SOCIOLOGIA
JURÍDICA: saber a orientar o fazer
Maria Rosinete dos Reis Silva[1]
No
artigo Sociologia Jurídica: condições
sociais e possibilidades teóricas, José Geraldo de Sousa Junior (2002), retrata
a importância da Sociologia Jurídica como campo epistemológico para a
compreensão e análise das mútuas e recíprocas conexões entre Direito e
Sociedade. Não se trata de um mero arranjo curricular. Pensar sociologicamente
interfere na capacidade de fazer uma leitura interpretativa dos processos
políticos e jurídicos.
Na
análise dessas conexões entre Direito e sociedade, que não são equivalentes,
mas que se interligam de várias formas com algumas tensões de reconhecimento e
de legitimação, deve-se considerar os valores, os costumes, as tradições,
compreensão que será alcançada com o auxílio da Sociologia Jurídica, pois esta
tem, na experiência, um lugar de pertencimento. Com isso, será possível entender como a
sociedade se forma e como o jurídico toma o lugar que já foi da religião, da
moral, da ética, dos costumes, da tradição, por exemplo. Aqui está a distinção feita por Max Weber
entre racionalidade tradicional e racionalidade positiva e, a partir daí,
entender o direito além da mera formalidade, cuja continuidade normativa só
sobrevive se amparada na validade social.
Nessa
dinâmica da construção do conhecimento é indispensável a articulação das
condições sociais com as possibilidades teóricas que o tempo torna
assimiláveis, razoáveis.
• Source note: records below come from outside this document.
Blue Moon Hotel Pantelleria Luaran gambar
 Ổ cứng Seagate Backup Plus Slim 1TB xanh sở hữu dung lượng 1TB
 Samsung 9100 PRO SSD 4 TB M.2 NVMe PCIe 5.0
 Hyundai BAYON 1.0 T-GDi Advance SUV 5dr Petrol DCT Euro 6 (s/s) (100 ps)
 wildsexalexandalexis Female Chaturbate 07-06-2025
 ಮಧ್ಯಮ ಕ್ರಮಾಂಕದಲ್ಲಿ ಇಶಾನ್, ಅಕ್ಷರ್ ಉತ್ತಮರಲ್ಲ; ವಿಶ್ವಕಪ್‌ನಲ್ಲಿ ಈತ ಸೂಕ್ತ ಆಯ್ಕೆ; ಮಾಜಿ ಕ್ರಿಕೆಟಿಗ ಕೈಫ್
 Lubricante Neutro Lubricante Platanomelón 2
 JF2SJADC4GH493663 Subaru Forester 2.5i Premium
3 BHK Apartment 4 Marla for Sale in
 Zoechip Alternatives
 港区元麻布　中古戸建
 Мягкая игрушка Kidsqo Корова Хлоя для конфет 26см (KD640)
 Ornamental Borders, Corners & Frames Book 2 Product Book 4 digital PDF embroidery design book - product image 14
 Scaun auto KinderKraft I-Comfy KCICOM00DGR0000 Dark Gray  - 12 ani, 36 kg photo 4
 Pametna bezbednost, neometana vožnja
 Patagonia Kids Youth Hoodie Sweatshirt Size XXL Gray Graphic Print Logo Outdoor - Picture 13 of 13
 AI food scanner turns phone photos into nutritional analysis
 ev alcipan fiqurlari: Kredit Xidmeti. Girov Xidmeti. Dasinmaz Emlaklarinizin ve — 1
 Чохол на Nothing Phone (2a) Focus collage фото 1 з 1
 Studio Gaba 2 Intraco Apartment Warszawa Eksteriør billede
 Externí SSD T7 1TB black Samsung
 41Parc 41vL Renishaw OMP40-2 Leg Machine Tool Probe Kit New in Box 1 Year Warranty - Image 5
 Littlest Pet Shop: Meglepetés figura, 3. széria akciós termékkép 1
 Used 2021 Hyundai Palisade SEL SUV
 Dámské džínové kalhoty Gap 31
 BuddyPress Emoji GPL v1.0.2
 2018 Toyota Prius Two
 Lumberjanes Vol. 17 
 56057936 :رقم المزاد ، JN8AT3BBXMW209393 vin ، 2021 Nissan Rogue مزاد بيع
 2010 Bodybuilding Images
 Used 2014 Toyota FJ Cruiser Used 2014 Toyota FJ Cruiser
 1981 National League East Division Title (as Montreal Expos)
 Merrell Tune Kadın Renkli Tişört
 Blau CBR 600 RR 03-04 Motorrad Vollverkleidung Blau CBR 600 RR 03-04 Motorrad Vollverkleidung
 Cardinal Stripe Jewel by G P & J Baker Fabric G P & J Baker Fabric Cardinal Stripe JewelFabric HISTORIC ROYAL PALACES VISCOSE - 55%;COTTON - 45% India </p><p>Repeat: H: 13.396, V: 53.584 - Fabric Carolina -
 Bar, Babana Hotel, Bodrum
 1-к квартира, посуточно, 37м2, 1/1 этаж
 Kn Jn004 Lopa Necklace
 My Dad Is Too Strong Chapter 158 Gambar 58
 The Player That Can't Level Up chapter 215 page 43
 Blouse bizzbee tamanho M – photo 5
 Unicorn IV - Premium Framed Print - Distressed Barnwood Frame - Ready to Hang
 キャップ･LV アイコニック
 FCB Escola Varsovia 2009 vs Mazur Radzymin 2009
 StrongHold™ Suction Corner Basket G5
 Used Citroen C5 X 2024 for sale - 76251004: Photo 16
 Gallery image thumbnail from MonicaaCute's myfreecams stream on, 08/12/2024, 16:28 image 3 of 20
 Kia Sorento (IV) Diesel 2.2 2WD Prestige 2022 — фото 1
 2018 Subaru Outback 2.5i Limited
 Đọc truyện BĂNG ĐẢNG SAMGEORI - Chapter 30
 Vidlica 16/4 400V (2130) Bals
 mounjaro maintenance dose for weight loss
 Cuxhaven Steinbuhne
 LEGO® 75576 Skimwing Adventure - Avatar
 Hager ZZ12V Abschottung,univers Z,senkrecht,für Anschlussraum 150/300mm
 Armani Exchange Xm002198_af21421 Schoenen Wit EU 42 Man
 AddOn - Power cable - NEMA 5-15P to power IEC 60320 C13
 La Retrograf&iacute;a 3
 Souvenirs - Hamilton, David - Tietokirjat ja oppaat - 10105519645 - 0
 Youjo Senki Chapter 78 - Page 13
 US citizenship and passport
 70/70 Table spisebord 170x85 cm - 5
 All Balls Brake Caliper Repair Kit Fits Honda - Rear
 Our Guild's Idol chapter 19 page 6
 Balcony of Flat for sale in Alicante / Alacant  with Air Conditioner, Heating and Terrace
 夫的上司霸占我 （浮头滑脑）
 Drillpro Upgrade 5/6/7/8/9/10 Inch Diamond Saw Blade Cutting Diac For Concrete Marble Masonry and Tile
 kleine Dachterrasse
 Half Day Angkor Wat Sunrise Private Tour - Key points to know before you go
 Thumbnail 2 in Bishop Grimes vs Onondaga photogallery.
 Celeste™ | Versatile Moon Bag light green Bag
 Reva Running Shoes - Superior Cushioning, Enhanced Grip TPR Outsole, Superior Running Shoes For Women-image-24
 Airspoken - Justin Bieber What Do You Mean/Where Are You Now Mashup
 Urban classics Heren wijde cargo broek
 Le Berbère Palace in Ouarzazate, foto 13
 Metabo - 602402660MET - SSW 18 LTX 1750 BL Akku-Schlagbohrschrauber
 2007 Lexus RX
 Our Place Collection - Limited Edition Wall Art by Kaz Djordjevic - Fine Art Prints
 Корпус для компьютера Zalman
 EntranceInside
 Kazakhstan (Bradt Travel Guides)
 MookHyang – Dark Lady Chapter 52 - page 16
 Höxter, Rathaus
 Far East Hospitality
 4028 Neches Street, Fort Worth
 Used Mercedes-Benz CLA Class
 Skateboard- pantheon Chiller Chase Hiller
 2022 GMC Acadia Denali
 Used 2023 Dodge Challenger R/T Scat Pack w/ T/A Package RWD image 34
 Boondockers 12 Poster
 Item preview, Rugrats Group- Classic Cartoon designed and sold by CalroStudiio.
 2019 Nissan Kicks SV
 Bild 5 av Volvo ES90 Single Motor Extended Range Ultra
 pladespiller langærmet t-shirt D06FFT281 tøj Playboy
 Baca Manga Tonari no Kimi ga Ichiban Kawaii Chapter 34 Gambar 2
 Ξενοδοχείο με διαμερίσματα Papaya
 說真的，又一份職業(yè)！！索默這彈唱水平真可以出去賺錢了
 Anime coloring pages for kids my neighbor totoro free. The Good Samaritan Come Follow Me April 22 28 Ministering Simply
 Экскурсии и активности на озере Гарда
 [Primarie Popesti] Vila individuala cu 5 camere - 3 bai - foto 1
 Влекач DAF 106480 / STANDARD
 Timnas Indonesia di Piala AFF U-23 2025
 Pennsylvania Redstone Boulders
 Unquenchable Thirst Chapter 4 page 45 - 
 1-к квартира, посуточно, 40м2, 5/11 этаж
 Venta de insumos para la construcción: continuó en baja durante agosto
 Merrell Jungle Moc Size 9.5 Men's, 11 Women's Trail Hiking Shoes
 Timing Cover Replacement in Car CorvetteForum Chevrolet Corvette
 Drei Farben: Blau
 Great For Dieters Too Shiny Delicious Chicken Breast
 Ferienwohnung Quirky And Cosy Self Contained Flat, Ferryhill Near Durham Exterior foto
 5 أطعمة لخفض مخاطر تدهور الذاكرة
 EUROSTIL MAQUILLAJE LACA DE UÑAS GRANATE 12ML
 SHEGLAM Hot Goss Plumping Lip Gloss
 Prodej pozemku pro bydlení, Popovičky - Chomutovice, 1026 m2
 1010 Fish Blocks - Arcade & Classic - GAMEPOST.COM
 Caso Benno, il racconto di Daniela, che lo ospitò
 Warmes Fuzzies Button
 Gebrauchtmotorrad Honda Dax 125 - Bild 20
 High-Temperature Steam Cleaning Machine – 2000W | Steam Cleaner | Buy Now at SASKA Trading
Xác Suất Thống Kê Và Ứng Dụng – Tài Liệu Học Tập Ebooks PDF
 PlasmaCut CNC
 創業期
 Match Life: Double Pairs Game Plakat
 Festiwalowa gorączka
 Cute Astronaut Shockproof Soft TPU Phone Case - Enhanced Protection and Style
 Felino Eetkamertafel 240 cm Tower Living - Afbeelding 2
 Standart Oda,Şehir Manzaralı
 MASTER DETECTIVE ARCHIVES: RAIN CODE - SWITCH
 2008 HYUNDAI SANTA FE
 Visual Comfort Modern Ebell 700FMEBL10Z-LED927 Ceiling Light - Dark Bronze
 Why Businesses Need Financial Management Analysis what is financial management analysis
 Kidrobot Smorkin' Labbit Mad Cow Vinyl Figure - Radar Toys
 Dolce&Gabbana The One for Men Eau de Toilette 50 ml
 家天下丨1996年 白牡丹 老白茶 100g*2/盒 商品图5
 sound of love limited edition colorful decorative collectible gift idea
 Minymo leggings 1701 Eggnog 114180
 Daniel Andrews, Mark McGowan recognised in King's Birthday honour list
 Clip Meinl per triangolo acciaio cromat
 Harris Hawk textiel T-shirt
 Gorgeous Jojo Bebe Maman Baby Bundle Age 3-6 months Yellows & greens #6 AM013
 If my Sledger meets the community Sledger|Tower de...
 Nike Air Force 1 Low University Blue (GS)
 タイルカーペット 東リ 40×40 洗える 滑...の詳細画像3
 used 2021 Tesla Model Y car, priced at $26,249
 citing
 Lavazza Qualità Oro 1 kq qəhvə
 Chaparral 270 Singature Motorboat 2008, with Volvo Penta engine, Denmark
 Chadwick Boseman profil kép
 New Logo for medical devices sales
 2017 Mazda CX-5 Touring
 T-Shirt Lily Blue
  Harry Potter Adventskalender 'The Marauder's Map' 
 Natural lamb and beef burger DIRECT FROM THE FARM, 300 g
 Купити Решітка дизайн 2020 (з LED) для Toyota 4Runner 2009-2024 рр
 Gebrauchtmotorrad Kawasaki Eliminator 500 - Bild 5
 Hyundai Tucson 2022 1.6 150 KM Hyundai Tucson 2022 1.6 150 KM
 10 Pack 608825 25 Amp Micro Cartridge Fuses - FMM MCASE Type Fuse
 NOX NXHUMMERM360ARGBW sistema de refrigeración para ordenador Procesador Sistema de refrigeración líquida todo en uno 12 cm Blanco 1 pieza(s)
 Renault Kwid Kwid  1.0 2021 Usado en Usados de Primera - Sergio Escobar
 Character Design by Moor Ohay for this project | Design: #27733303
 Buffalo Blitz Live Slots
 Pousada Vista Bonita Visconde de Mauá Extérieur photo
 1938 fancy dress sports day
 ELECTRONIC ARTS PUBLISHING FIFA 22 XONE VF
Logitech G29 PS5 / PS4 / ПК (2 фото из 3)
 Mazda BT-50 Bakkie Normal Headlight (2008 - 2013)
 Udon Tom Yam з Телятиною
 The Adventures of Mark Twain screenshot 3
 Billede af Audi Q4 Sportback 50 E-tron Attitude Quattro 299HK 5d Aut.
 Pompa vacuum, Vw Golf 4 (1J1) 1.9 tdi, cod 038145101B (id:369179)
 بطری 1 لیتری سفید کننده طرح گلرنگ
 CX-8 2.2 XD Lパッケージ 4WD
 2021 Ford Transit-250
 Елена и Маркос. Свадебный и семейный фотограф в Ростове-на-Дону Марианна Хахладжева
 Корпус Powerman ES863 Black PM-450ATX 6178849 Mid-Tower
Boaventura de Souza Santos defende que, o paradigma,
para ser totalmente conhecimento, precisa ser social. Trazer para o debate as
questões teóricas que derivam dessa leitura sociológica conferirá validade ao
conhecimento, já que as articulações que se estabelecem no social e que se interconectam
com o direito vão modificando o próprio direito, conferindo-lhe continuidade
normativa.
Para
a análise da Sociologia Jurídica, enquanto condições sociais e possiblidades
teóricas, José Geraldo de Sousa Junior traça, em primeiro lugar, um percurso
histórico, destacando seus antecedentes e precursores, como Durkheim, que
considera a sociedade como “unidade por excelência do estudo da Sociologia”.
Na
sequência, o autor aborda a constituição
e desenvolvimento da Sociologia Jurídica na contemporaneidade, alicerçado,
sobretudo, nos ensinamentos de Elias Diaz. Para este, as interrelações entre
Direito e sociedade subdividem-se em sistema
de legalidade (direito positivo) e sociedade, explicando, por exemplo, o
que está formalmente assegurado e vigente no ordenamento jurídico e o que é
eficaz, ou seja, se o que está sendo vivenciado pelos seus destinatários ainda
tem sentido de ser, a exemplo da expressão “mulher honesta”, empregada desde as
Ordenações Filipinas como integrante de figuras delitivas, sendo suprimida do
Código Penal somente pela Lei 12.015/2009; e sistema
de legitimidade (valores jurídicos) e sociedade, com reflexos em temas
relevantes, como a dignidade da pessoa humana e a defesa dos direitos humanos.
O
autor também apresentou as direções
temáticas de renovação do campo sociológico, sem a qual continuará sendo
constatado e vivenciado as discrepâncias de articulação entre Estado e
sociedade. Enquanto aquele (Estado formal) manter-se isolado das regras que
articulam os indivíduos no seu espaço social, advindas da realidade vivenciada
por cada um dentro de sua comunidade, permitirá a atuação paralela do Estado
informal, o qual surge e mantem-se com outras formas de democracia e cidadania
que não se subsumem ao ato de votar.
Desse
distanciamento do direito positivo da realidade, dos fatos sociais, é possível
compreender a razão pela qual muitas leis, inclusive a Constituição Federal,
não possuem efetividade, mas continuam em vigor. Apesar de serem feitas com
caráter erga omnes, na verdade,
tem-se uma seletividade que vai, desde a sua elaboração, até sua aplicação, a
exemplo das leis penais, cuja seletividade é exercida pelo sistema de controle
formal da criminalidade, com a escolha das condutas que se quer considerar como
infração penal, quem realmente deseja-se punir, a forma de punição e como
deverá ser executada e, por fim, entender a razão pela qual muitas leis são
criadas para uma finalidade e, na prática, servem a fins diversos, até mesmo
contrário do que se propôs formalmente.
Para
tanto, o conhecimento sociológico da
formação dos ordenamentos jurídicos é imprescindível para a compreensão das
constantes transgressões dos mesmos, que não encontram validade e legitimidade
normativa nas práticas sociais. Neste ponto, a Sociologia Jurídica apresenta-se
como mediação transformadora da realidade, apontando a realização de novos
direitos, como O Direito Achado na Rua, de
Roberto Lyra Filho, por meio do qual busca-se a superação dessas contradições entre
as leis e a justiça, entendendo o direito como modelo de legítima organização social
da liberdade, em que as práticas sociais criam direitos e estabelecem novas
categorias jurídicas.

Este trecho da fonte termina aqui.